» Problem
The response should consist of every line below, restated exactly, with no pictures.

=== Section Start ===

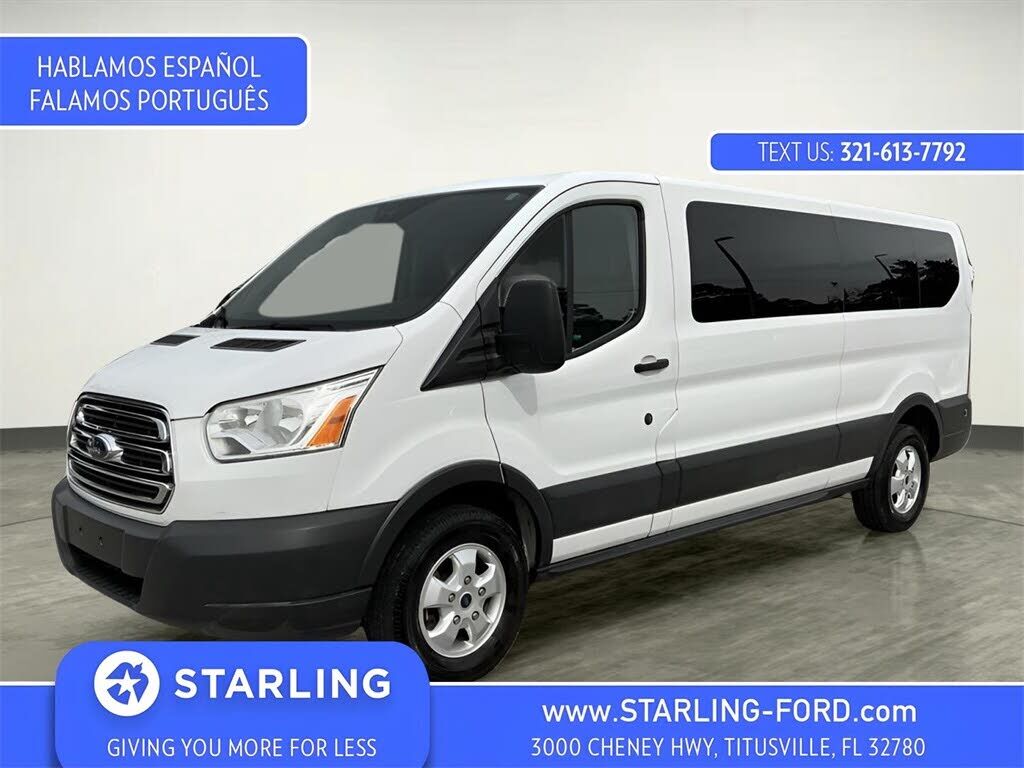 2018 FORD Transit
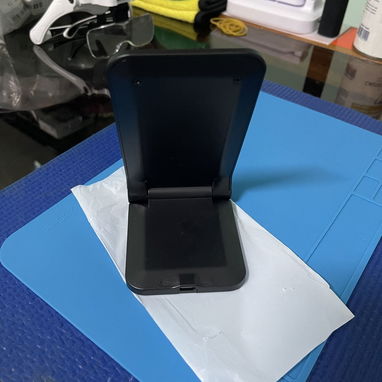 Vendo Cargador inalámbrico para Samsung!! O cualquier Android q tenga el recurso. Puerto húmedo…esta es su solución! - Img 59282721
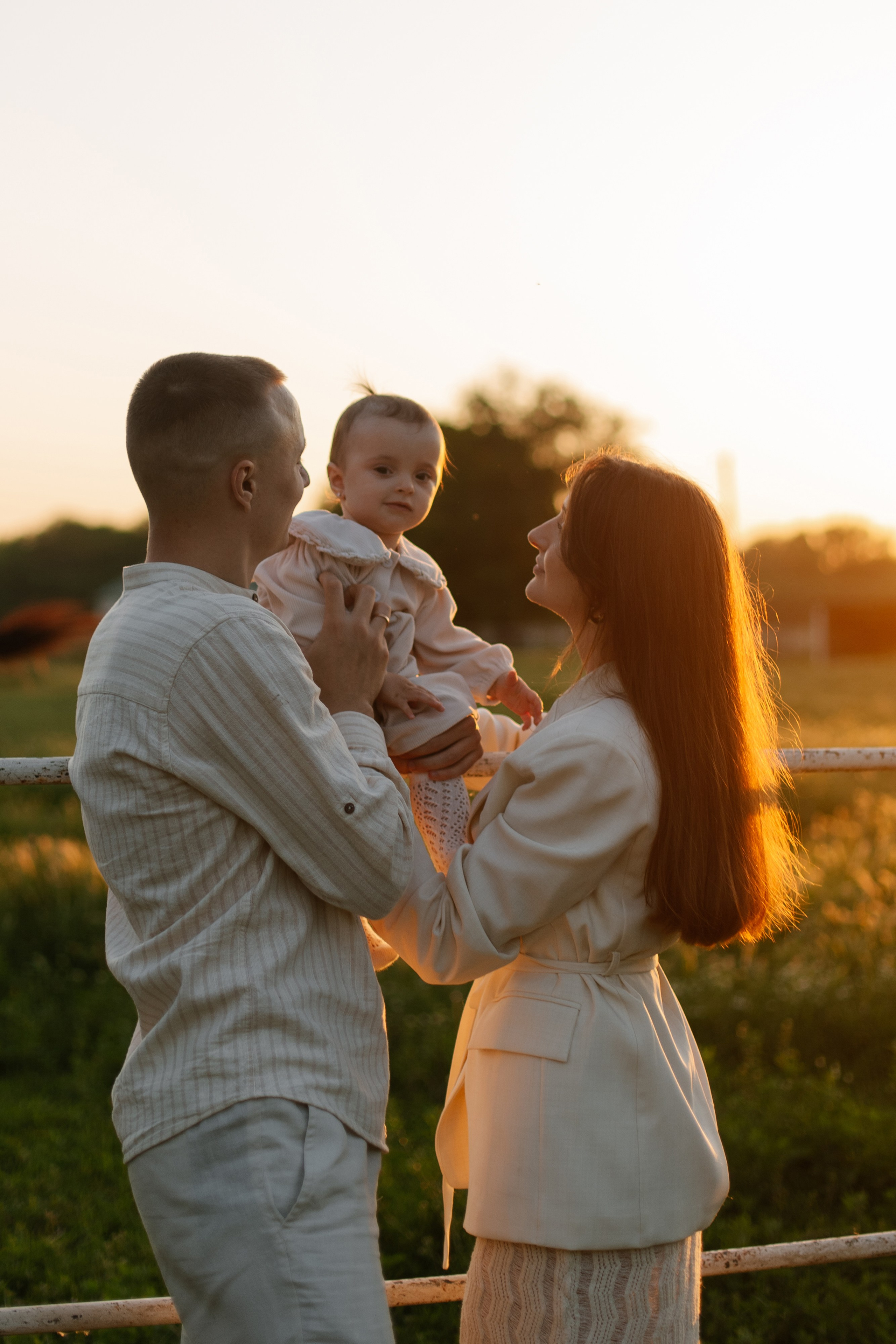 Оливии 1 годик. Свадебный и семейный фотограф в Краснодаре/Геленджике/Сочи/Санкт-Петербурге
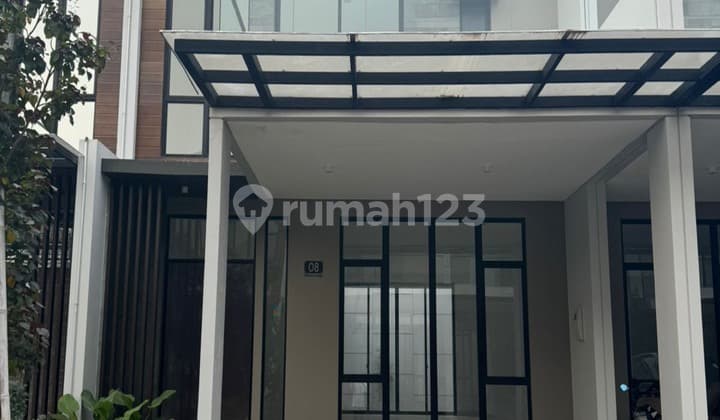 CASH / KPR - Rumah Baru PIK2 Permata Hijau 8X20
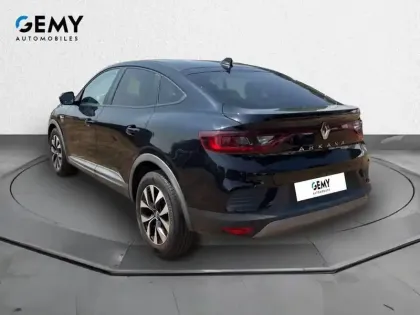 Photo 29 Renault Arkana  mild hybrid 140 EDC FAP - 22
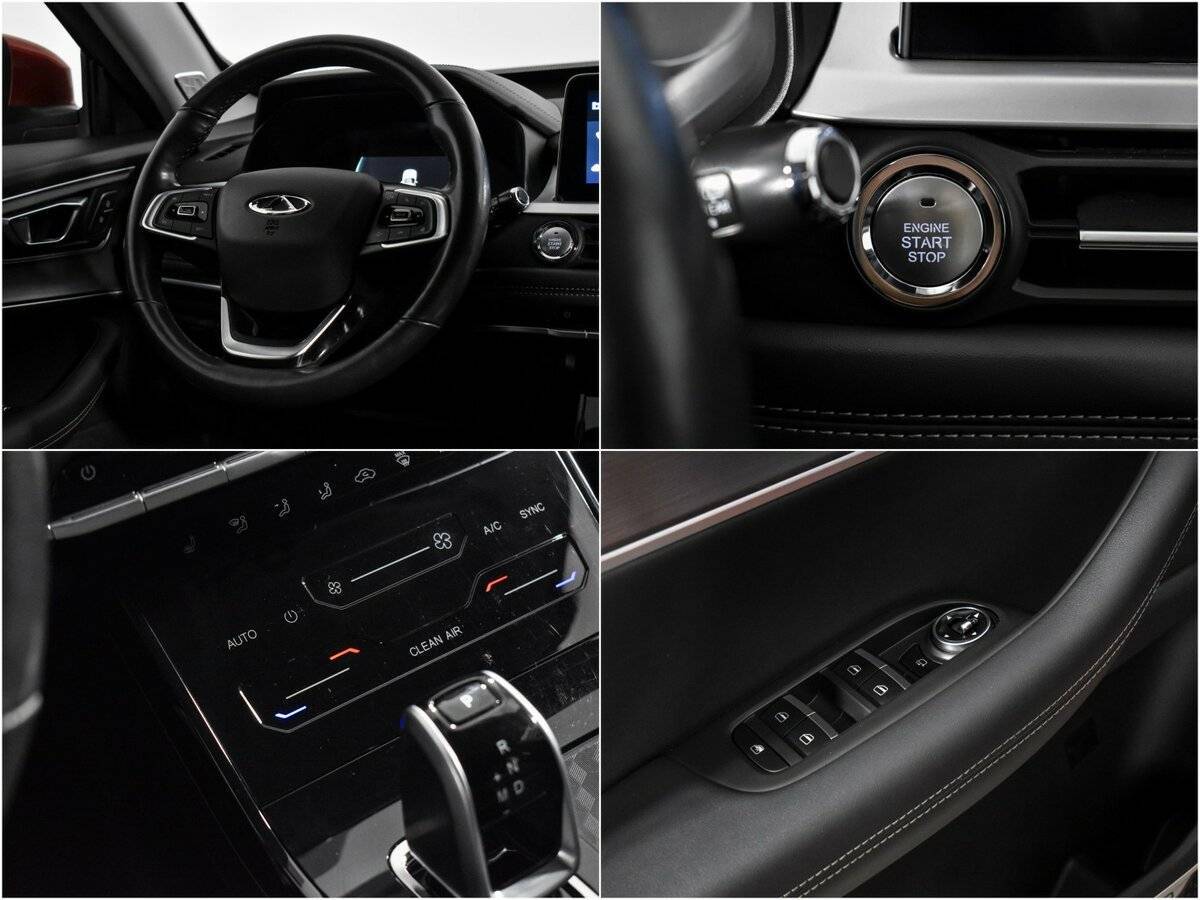 Б/У Чери Тигго 7 Про 2021 года. Фото: #17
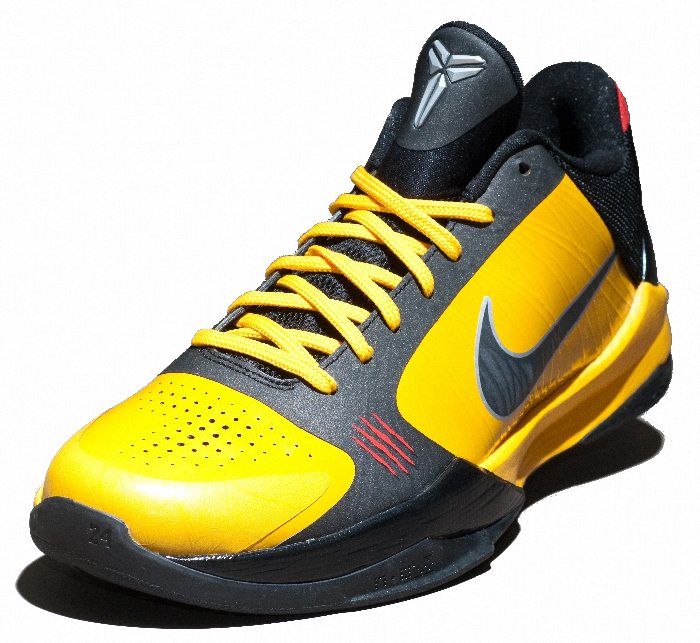 the new kobe bryant shoes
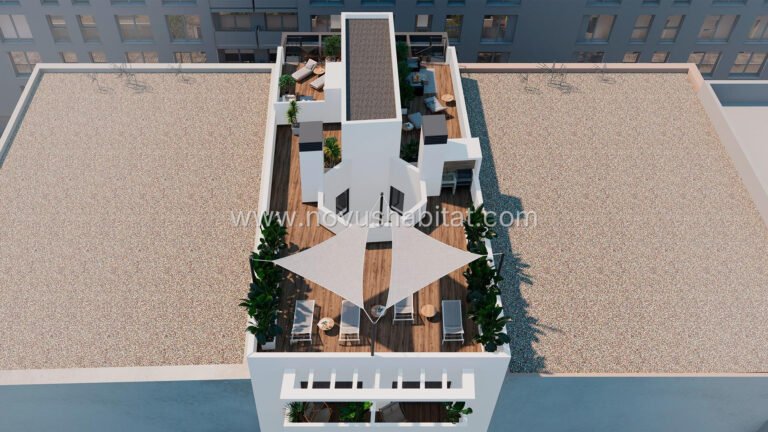 Penthouse in Torrevieja - N9201 - foto 16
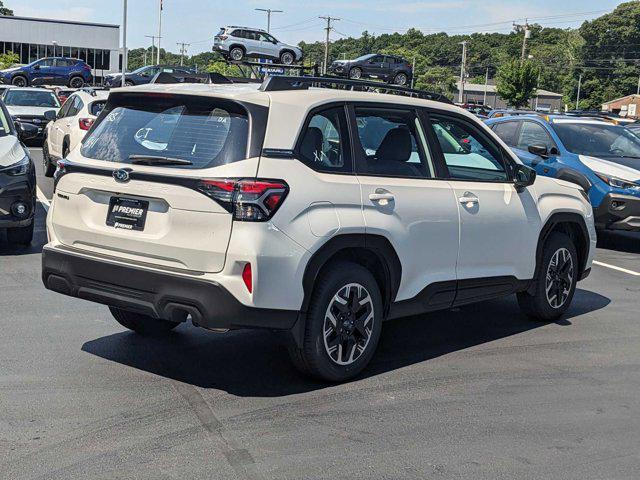 new 2025 Subaru Forester car, priced at $31,851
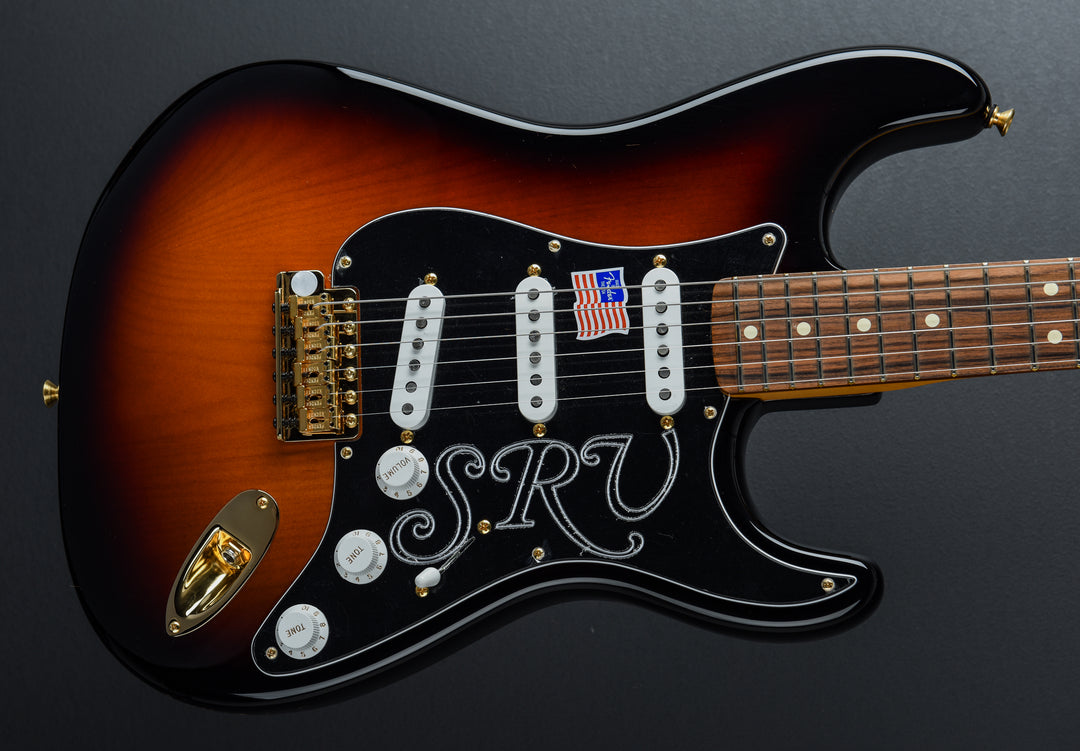 Stevie Ray Vaughan Stratocaster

=== Section End ===

» Solution below
 2018 FORD Transit
 Vendo Cargador inalámbrico para Samsung!! O cualquier Android q tenga el recurso. Puerto húmedo…esta es su solución! - Img 59282721
 Оливии 1 годик. Свадебный и семейный фотограф в Краснодаре/Геленджике/Сочи/Санкт-Петербурге
 CASH / KPR - Rumah Baru PIK2 Permata Hijau 8X20
 Photo 29 Renault Arkana  mild hybrid 140 EDC FAP - 22
 Б/У Чери Тигго 7 Про 2021 года. Фото: #17
 the new kobe bryant shoes
 Penthouse in Torrevieja - N9201 - foto 16
 new 2025 Subaru Forester car, priced at $31,851
 Stevie Ray Vaughan Stratocaster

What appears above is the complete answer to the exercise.